**DESCRIPTION OF THE TASK**
Apart from the images, output the data below exactly.

**SOURCE MATERIAL**
- - -

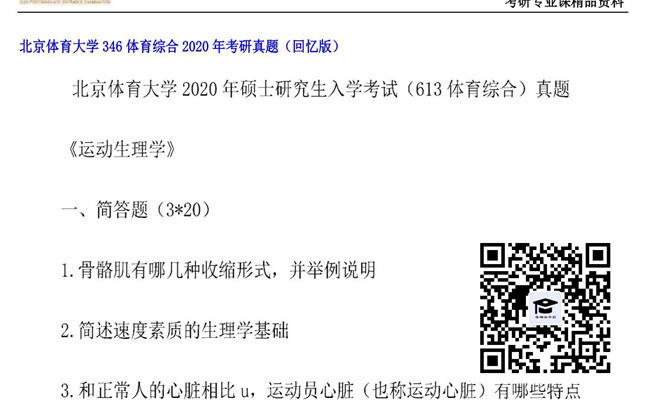 【初试】北京体育大学《346体育综合》2020年考研真题（回忆版）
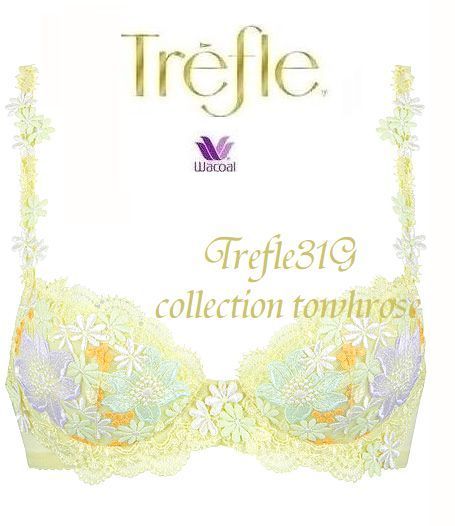 Wacoal⁄Trefle⁄トレフル⁄41G⁄花冠⁄最高級⁄アイラッシュ⁄リバー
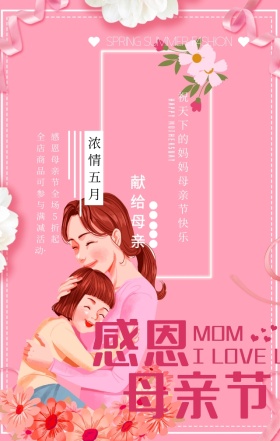 粉色创意卡通温暖母亲节促销手机海报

- - -

**SOLUTION BELOW**
 【初试】北京体育大学《346体育综合》2020年考研真题（回忆版）
 Wacoal⁄Trefle⁄トレフル⁄41G⁄花冠⁄最高級⁄アイラッシュ⁄リバー
 粉色创意卡通温暖母亲节促销手机海报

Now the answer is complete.